Requires usage with stateful allocator (offset might be acquired more
than one, so it must not change).

Signed-off-by: Zbigniew Kempczyński <zbigniew.kempczynski at intel.com>
Cc: Karolina Stolarek <karolina.stolarek at intel.com>
Reviewed-by: Karolina Stolarek <karolina.stolarek at intel.com>
---
v2: back to use safe alignment to be independent from allocator
    alignment setting, remove casting and use direct PRI% formatting
---
 lib/i915/i915_blt.c | 273 ++++++++++++++++++++++++++++++++------------
 lib/i915/i915_blt.h |  19 +++
 2 files changed, 219 insertions(+), 73 deletions(-)

diff --git a/lib/i915/i915_blt.c b/lib/i915/i915_blt.c
index 42c28623f9..541935656b 100644
--- a/lib/i915/i915_blt.c
+++ b/lib/i915/i915_blt.c
@@ -503,64 +503,68 @@ static void dump_bb_ext(struct gen12_block_copy_data_ext *data)
 }
 
 /**
- * blt_block_copy:
+ * emit_blt_block_copy:
  * @i915: drm fd
- * @ctx: intel_ctx_t context
- * @e: blitter engine for @ctx
  * @ahnd: allocator handle
  * @blt: basic blitter data (for TGL/DG1 which doesn't support ext version)
  * @ext: extended blitter data (for DG2+, supports flatccs compression)
+ * @bb_pos: position at which insert block copy commands
+ * @emit_bbe: emit MI_BATCH_BUFFER_END after block-copy or not
  *
- * Function does blit between @src and @dst described in @blt object.
+ * Function inserts block-copy blit into batch at @bb_pos.

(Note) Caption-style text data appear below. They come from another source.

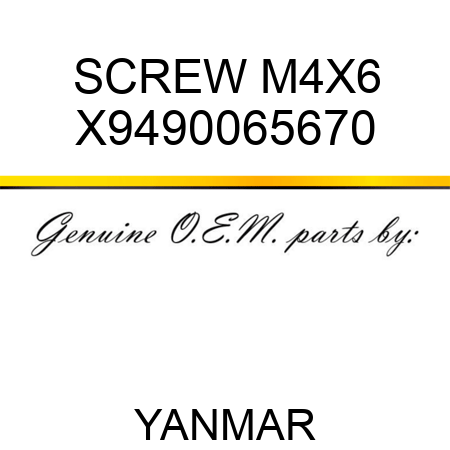 SCREW, M4X6 X9490065670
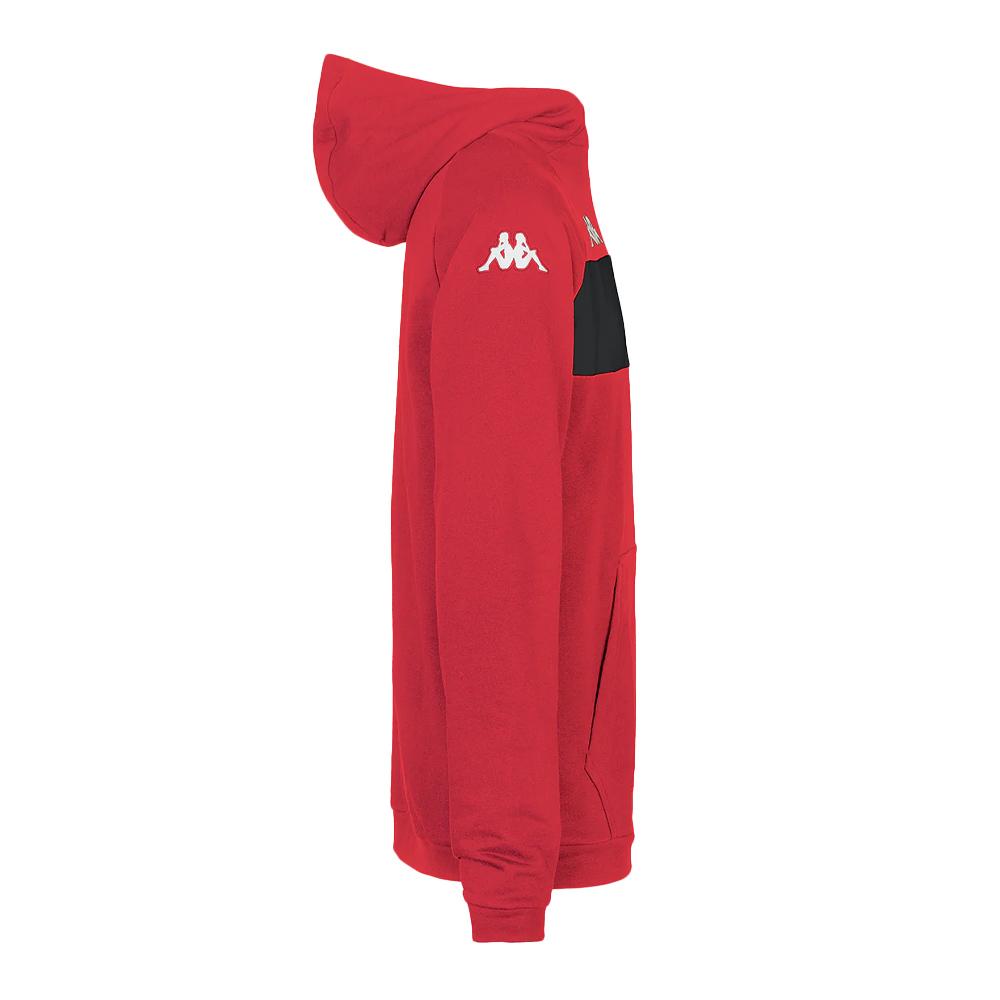 Kappa Daccio Men’s Red Sweatshirt Photo of the Espace des Marques %store% store - view of %key%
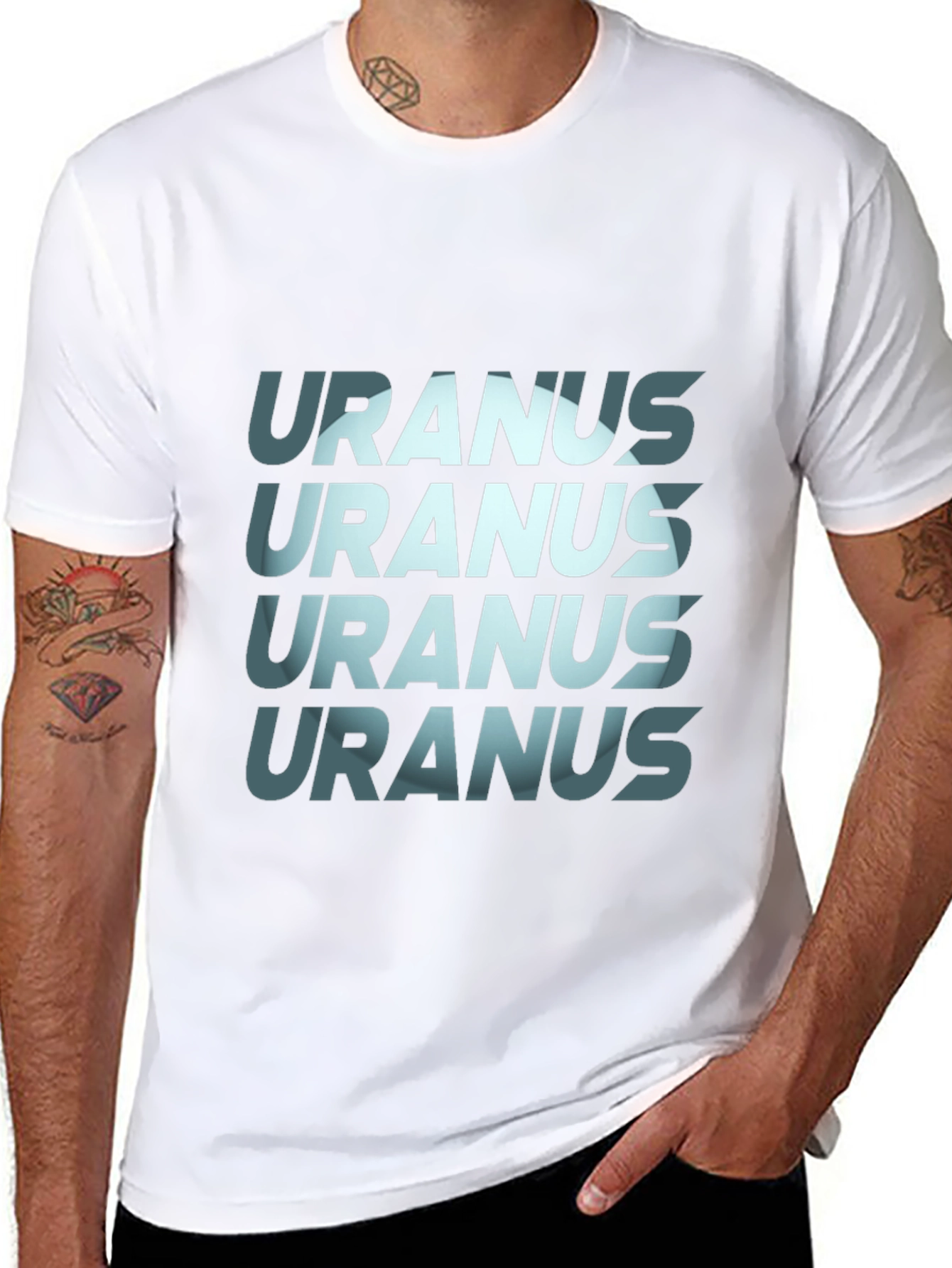 Uranus Graphic Print Tee - Bold Statement T-Shirt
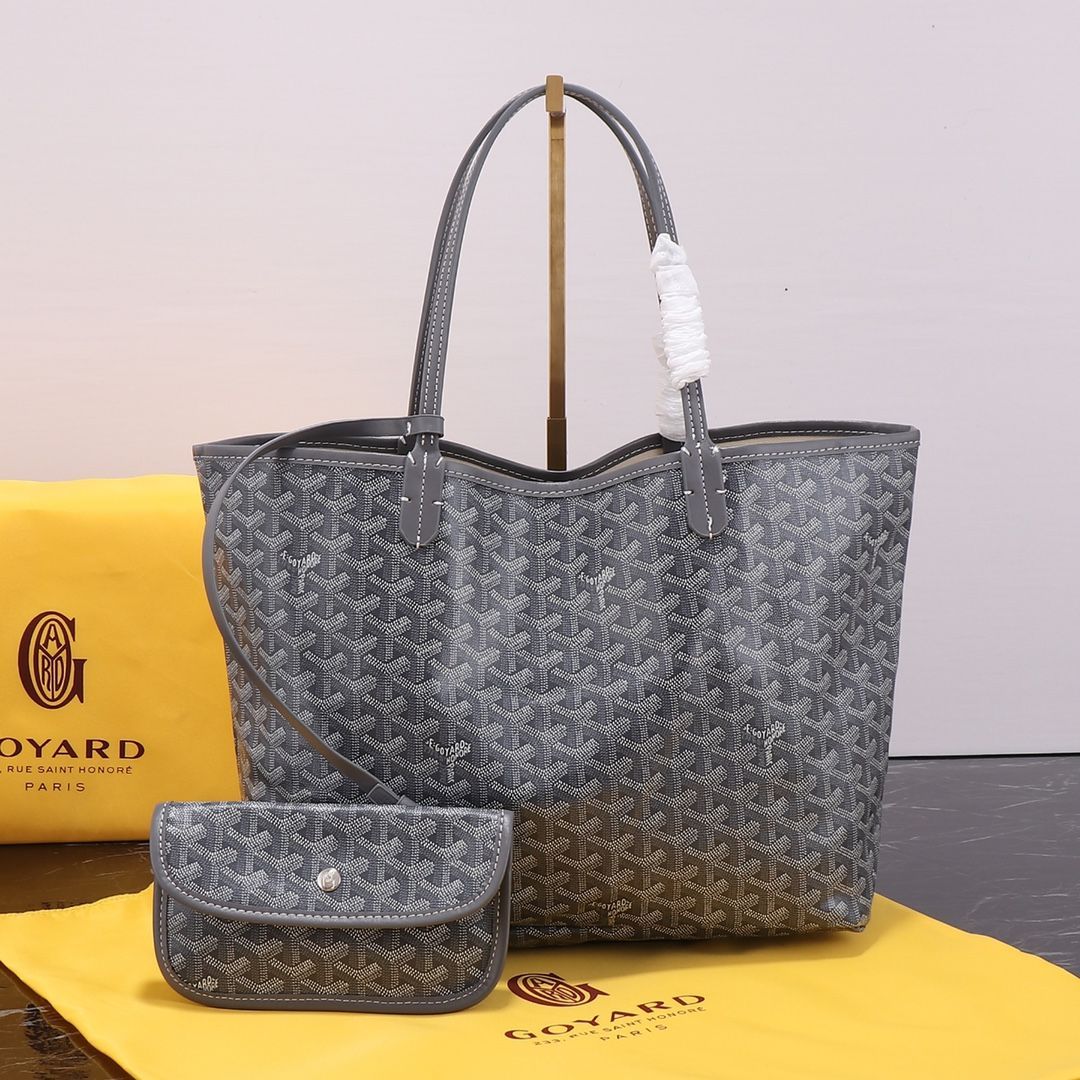 ❥極美品 GOYARD ゴヤール トートバッグ ハンドバッグ~*-- ゴヤール トートバッグ レディース グレー(≪Brand new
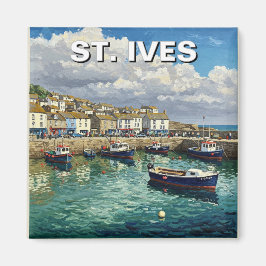 St. Ives Cornwall Engeland Reizen Magneet
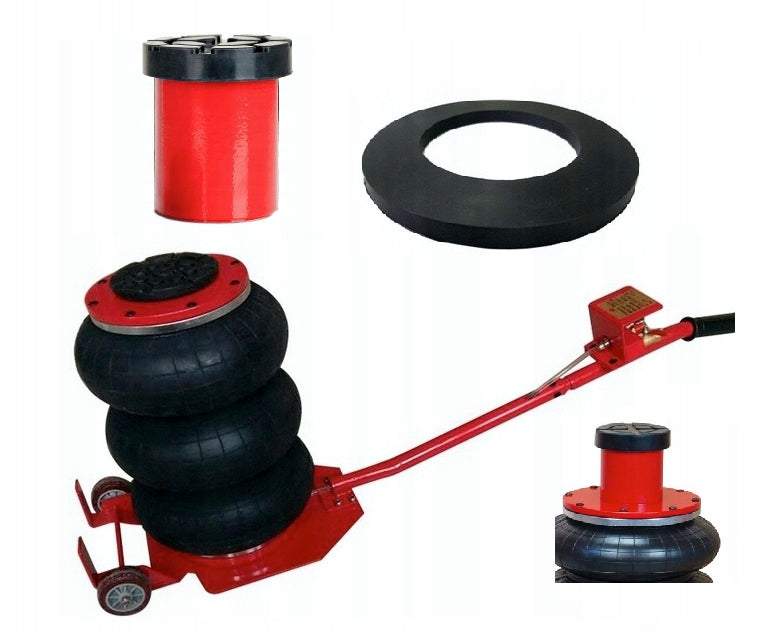 PNEUMATIC CUSHION LIFT 4T SNOWMAN + 2X ADAPTER UP RUBBER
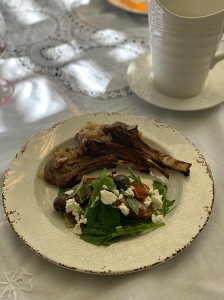 Grilled onion and sumac lamb chop recipe by Dorothy Calimeris from her 30-Minute Middle Eastern Cookbook.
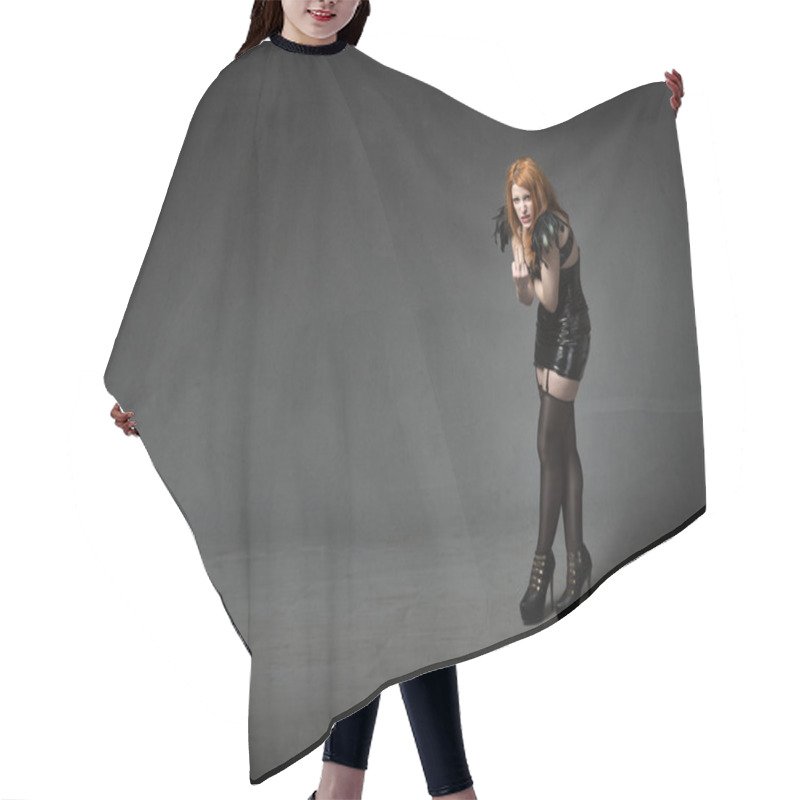 Personality  Gothic Woman Emotions Hair Cutting Cape
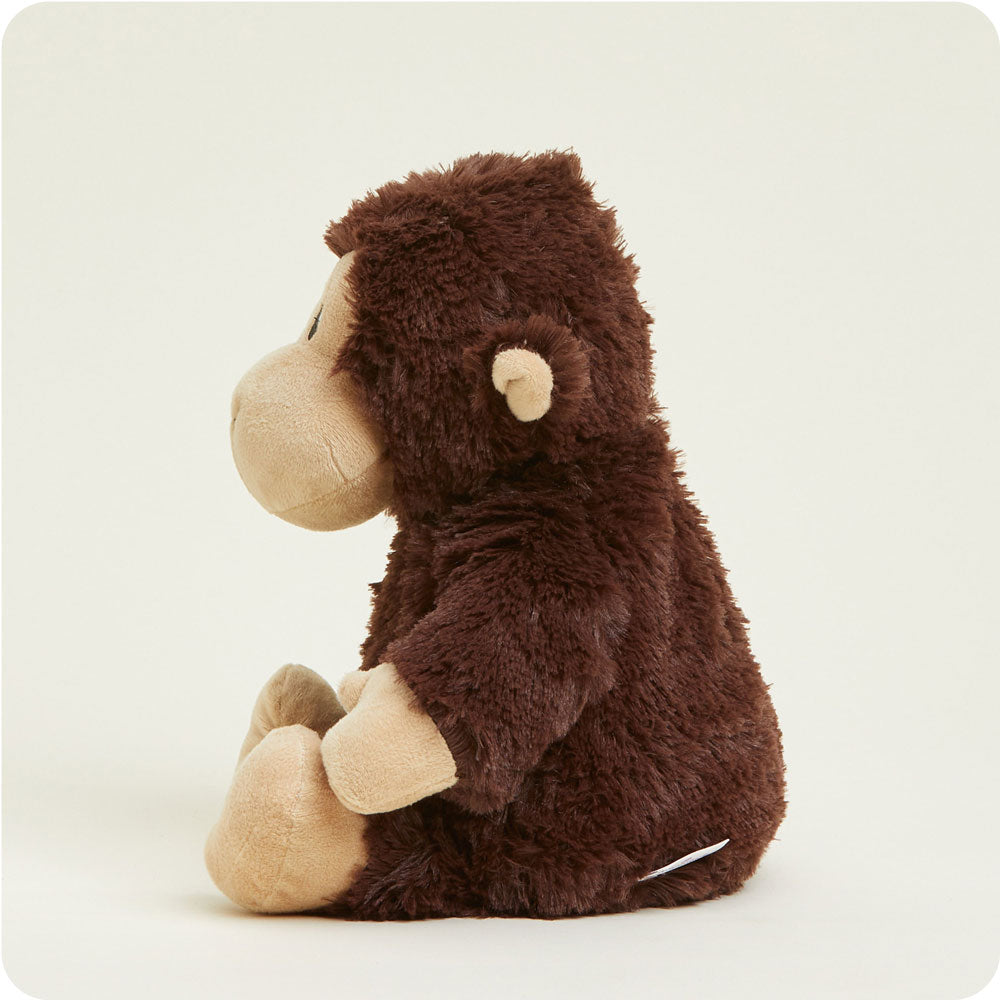 Warmies Chimp Microwavable Weighted Plush Stuffed Animal Lavender Scented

Allows concatenating
+ * with other commands to achieve pipelining.
  *
  * Returns:
- * execbuffer status.
+ * Next write position in batch.
  */
-int blt_block_copy(int i915,
-		   const intel_ctx_t *ctx,
-		   const struct intel_execution_engine2 *e,
-		   uint64_t ahnd,
-		   const struct blt_copy_data *blt,
-		   const struct blt_block_copy_data_ext *ext)
+uint64_t emit_blt_block_copy(int i915,
+			     uint64_t ahnd,
+			     const struct blt_copy_data *blt,
+			     const struct blt_block_copy_data_ext *ext,
+			     uint64_t bb_pos,
+			     bool emit_bbe)
 {
-	struct drm_i915_gem_execbuffer2 execbuf = {};
-	struct drm_i915_gem_exec_object2 obj[3] = {};
 	struct gen12_block_copy_data data = {};
 	struct gen12_block_copy_data_ext dext = {};
 	uint64_t dst_offset, src_offset, bb_offset, alignment;
-	uint32_t *bb;
-	int i, ret;
+	uint32_t bbe = MI_BATCH_BUFFER_END;
+	uint8_t *bb;
 
 	igt_assert_f(ahnd, "block-copy supports softpin only\n");
 	igt_assert_f(blt, "block-copy requires data to do blit\n");
 
 	alignment = gem_detect_safe_alignment(i915);
 	src_offset = get_offset(ahnd, blt->src.handle, blt->src.size, alignment);
-	if (__special_mode(blt) == SM_FULL_RESOLVE)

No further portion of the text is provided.